When the bus stopped leaning, “Oh thank god! Guys. Guy! We’re ok. We survived,” shooting a sideways look at Paul, “this time.”
Percy’s fat-shaming of Paul was an almost daily occurrence, though he was far from the only target. As Percy held court in the back of the bus, his insult comedy got many of the cast through the long hours of our daily bus ride. No one stood up to him or said anything, perhaps afraid of being labeled too “sensitive” or “not able to take a joke.” So they laughed along.
The four of us didn’t. We sat in the front as far away from “court” as possible.
We had started the tour feeling bad for Percy. This was either his first job or close to it and, as the lead, he carried the weight of the show. This was made painfully clear to him during tech. The production team worked him to physical and vocal exhaustion, injuring any confidence he had coming out of rehearsals. Even worse, in front of everyone, they told his understudy Dexter to be ready to go on.
It was a dick move and shitty way to start the tour, and we empathized with him. But that empathy went away as he transitioned from overworked leading man to a back-of-the-bus bully. For a great portion of the tour we regarded him as a two dimensional douche, and it was the negative atmosphere that he created that led the four of us to wall ourselves off.
Then came a performance late in the run that added that third dimension back to his character.
In the dark backstage I was waiting to make my entrance just upstage of the proscenium curtain. We were half way through the 2nd act when Percy dashed offstage to make his quick-change.
Then he doubled over…and started crying. He was weeping.
The onstage action continued, but those of us backstage stood frozen in our 18th-century costumes and pompadour wigs, taken aback by this sudden display of vulnerability, Percy gasping for breath between strangled sobs.

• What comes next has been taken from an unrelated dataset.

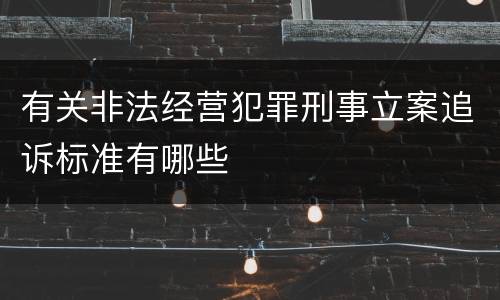 有关非法经营犯罪刑事立案追诉标准有哪些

The dresser hesitated, “are you…?”
“I’m fine,” he spit. “Help me, I have to get back on stage!”
After a flurry of costumes, Percy stood up, quickly wiped the tears from his face, and ran back onstage.

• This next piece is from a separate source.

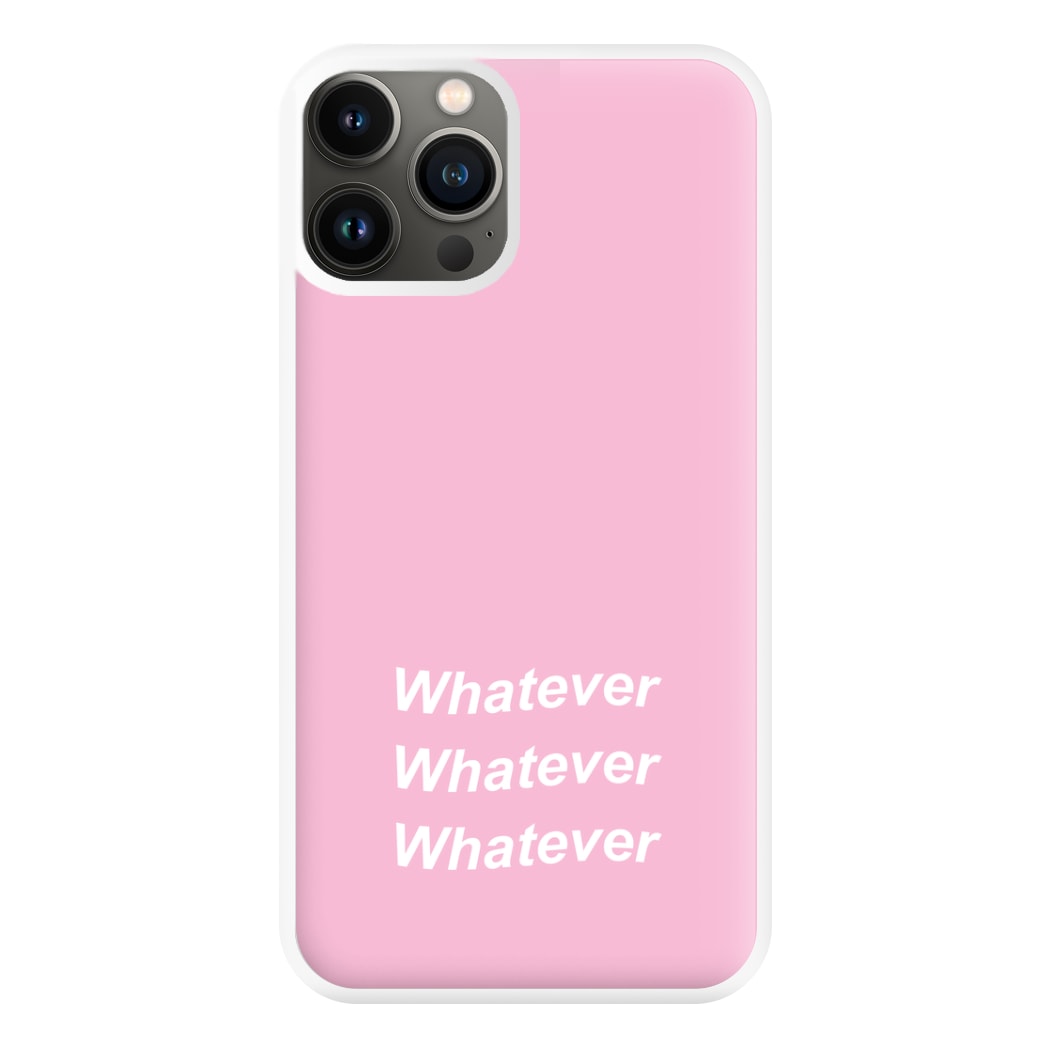 Whatever, Whatever, Whatever Phone Case for iPhone 13 Pro Max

We all stood frozen for a moment, unsure of what had happened, before falling back into the flow of the show.
It turned out that his family was in the audience, and they were less than supportive. It didn’t matter how hard he was working on stage. It didn’t matter that he was the lead. Theater wasn’t a real job and they weren’t going to pretend that it was. Percy was never going to be good enough for them no matter how hard he worked, no matter how hard he tried.

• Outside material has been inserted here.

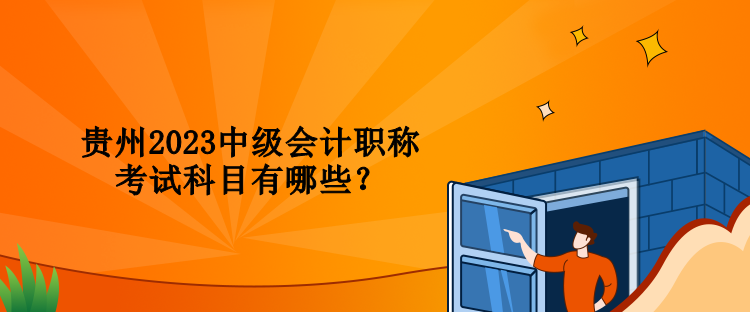 貴州2023中級會計職稱考試科目有哪些？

It was from that well of deep pain that his mean-spirited humor arose.
Percy made the four of us appreciate how lucky we were. Not just that we had come from loving supportive homes and families, but also in the friends we had come to be for each other. We were more interested in lifting each other up than tearing each other down. We didn’t want to laugh at each other. We wanted to laugh with each other through hot-sauce tears.


Over beers after our shows, we would talk in raised voices and excited gestures — I would spill my beer far more than once — about how awesome it would be to start our own theater company and what shows we would do if we could cast ourselves and “wouldn’t it be awesome we did Of Mice and Men with Jason as George and me and Lenny?” It started as a fun idea, but the more we talked about it, the more it seemed like it was possible.
Over three months I grew to have a comradery with these three men unlike anything I’d had before. I felt like I was part of a chosen family. When Dexter got engaged shortly after the tour ended, he asked the three of us to be groomsmen. We hadn’t even known each other for a year, and yet, we were brothers.
It was Jason and Dexter, along Dexter’s fiancée Laura, who I sent out the door that evening when Danny arrived with Jerry and his meth. They witnessed the final moments of who I was before I took my first hit, though they wouldn’t know that for months to come.
It would be Jason, Dexter, Roger, and Laura who would eventually give me the support and friendship I needed to find my way out of the rabbit hole.
We had no way of knowing it then, but those animated post-how beers at Applebee’s, imagining our own theater company, would lead to the very thing that would end up saving my life.